Long-term survival and quality of life of patients with prolonged postoperative intensive care unit stay: unmasking an apparent success

Mario Gaudino, Fabiana Girola, Mariantonietta Piscitelli, Lorenzo Martinelli, Amedeo Anselmi, Carmine Della Vella, Rocco Schiavello, Gianfederico Possati
Journal of Thoracic and Cardiovascular Surgery 2007, 134 (2): 465-9

OBJECTIVE: Our objective was to evaluate the long-term survival and quality of life of patients who faced a prolonged (>10 days) postoperative stay in the intensive care unit and were discharged from the hospital.

METHODS: Among 3125 consecutive patients who underwent cardiac operations in a 5-year period, we prospectively identified 57 who faced a prolonged postoperative intensive care unit stay and were discharged alive from the hospital.

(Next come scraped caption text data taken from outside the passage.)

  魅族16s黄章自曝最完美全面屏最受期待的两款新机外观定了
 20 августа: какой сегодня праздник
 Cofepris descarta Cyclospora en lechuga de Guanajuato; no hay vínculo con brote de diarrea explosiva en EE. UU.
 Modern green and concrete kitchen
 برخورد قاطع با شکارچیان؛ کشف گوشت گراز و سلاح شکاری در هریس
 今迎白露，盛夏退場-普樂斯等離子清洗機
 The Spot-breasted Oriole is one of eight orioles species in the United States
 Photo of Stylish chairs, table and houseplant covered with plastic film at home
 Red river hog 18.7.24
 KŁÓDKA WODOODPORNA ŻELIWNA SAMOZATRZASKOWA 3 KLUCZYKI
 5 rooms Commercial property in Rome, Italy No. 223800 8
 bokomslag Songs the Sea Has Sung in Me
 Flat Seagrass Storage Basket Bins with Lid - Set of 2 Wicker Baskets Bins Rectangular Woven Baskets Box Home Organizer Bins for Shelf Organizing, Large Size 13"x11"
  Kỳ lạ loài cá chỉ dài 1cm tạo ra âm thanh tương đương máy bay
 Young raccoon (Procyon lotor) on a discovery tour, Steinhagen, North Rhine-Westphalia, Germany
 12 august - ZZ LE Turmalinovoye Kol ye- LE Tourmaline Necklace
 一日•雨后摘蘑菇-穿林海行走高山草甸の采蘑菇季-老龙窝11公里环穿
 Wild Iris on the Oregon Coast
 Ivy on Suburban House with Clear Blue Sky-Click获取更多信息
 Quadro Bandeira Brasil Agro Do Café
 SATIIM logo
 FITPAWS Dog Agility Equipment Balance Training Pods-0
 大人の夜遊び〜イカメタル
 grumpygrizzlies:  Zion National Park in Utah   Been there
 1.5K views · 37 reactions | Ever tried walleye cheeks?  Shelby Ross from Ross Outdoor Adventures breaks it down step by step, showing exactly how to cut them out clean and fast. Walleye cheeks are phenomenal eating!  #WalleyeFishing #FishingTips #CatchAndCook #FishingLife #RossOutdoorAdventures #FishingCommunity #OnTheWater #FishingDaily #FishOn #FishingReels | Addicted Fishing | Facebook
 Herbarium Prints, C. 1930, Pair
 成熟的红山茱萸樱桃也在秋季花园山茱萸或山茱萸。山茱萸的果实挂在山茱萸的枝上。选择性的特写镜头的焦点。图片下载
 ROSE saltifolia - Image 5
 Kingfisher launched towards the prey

Patients were enrolled in a prospective follow-up protocol and evaluated every 6 to 12 months both clinically and instrumentally.

RESULTS: Mean intensive care unit stay was 34 +/- 9 days (range 11-141 days). Follow-up was complete and mean follow-up time was 71 months. Overall survival was 12 (21%) of 57, and the majority of follow-up deaths were cardiac related. Of the surviving patients, only a small minority (4/12) regained full autonomy and returned to their previous lifestyle. Risk factors for prolonged intensive care unit stay were age, New York Heart Association/Canadian Cardiovascular Society class, hypertension, diabetes, low ejection fraction, aortic surgery, preoperative renal failure, nonelective surgery, prolonged cardiopulmonary bypass time, and perioperative use of aortic counterpulsator.

CONCLUSIONS: Patients who face a prolonged postoperative intensive care unit stay and who were discharged from the hospital have a very poor long-term outcome and even worse quality of life. These data lead to a consideration of the wisdom of using heroic treatment in patients who face a prolonged postoperative intensive care unit stay in view of the dismal clinical results and enormous use of hospital and human resources.